Visualizes the most influential feature interactions (based on the L2 norm) from Ridge Redundancy Analysis (RRDA) as a heatmap.
Let the (rank-\(r\) truncated) decomposition of \(\hat{B}(\lambda)\) be
$$\hat{B}(\lambda, r) = U_{\hat{B}(\lambda)} \, D_{\hat{B}(\lambda)} \, V_{\hat{B}(\lambda)}^{\prime}.$$
The following three biplot scalings are defined:
Symmetric scaling (default):
$$\tilde{F} = U_{\hat{B}(\lambda)} \, D_{\hat{B}(\lambda)}^{1/2}, \qquad
\tilde{G} = V_{\hat{B}(\lambda)} \, D_{\hat{B}(\lambda)}^{1/2}.$$
X scaling:
$$\tilde{F} = U_{\hat{B}(\lambda)} \, D_{\hat{B}(\lambda)}, \qquad
\tilde{G} = V_{\hat{B}(\lambda)}.$$
Y scaling:
$$\tilde{F} = U_{\hat{B}(\lambda)}, \qquad
\tilde{G} = V_{\hat{B}(\lambda)} \, D_{\hat{B}(\lambda)}.$$
In all three cases, \(\hat{B}(\lambda, r) = \tilde{F} \, \tilde{G}^{\prime}.\)
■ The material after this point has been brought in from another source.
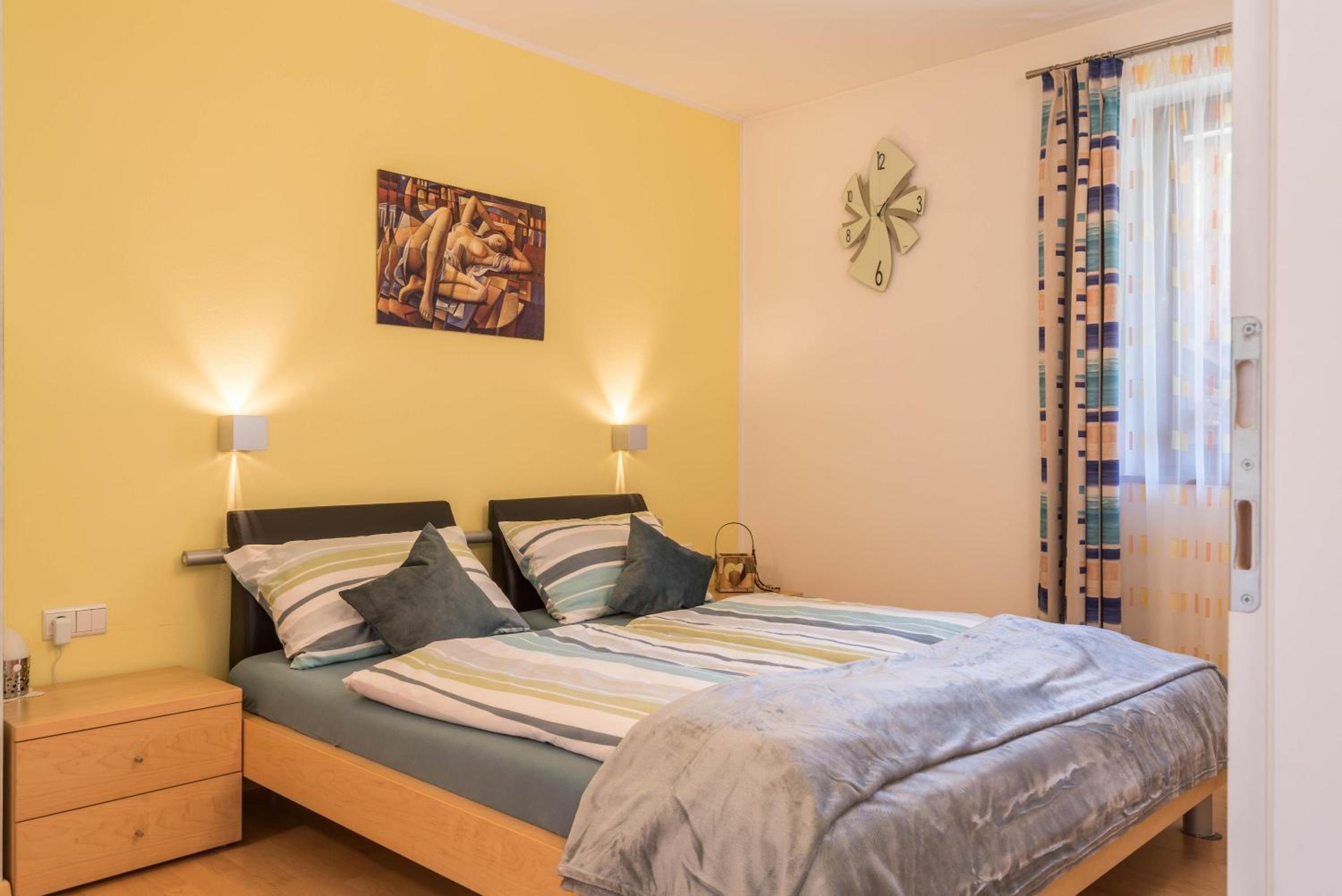 Two-Bedroom Deluxe Apartment with Garden View photo 1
Variable importance is scored by the row-wise \(\ell_2\)-norms:
$$s_i^{(\tilde{F})} = \| \tilde{F}_{i,\cdot} \|_2, \qquad
s_j^{(\tilde{G})} = \| \tilde{G}_{j,\cdot} \|_2.$$
Selecting the top \(m_x\) predictors and \(m_y\) responses yields the submatrices of the scaled factor matrices (each with \(r\) columns).
The reduced coefficient submatrix is then
$$\hat{B}_{\mathrm{sub}}(\lambda, r) =
\tilde{F}_{\mathrm{sub}} \, \tilde{G}_{\mathrm{sub}}^{\prime}.$$
The matrix \(\hat{B}_{\mathrm{sub}}(\lambda, r)\) retains the dominant low-rank structure and is visualized as a heatmap (with \(m_x = m_y = 20\) by default).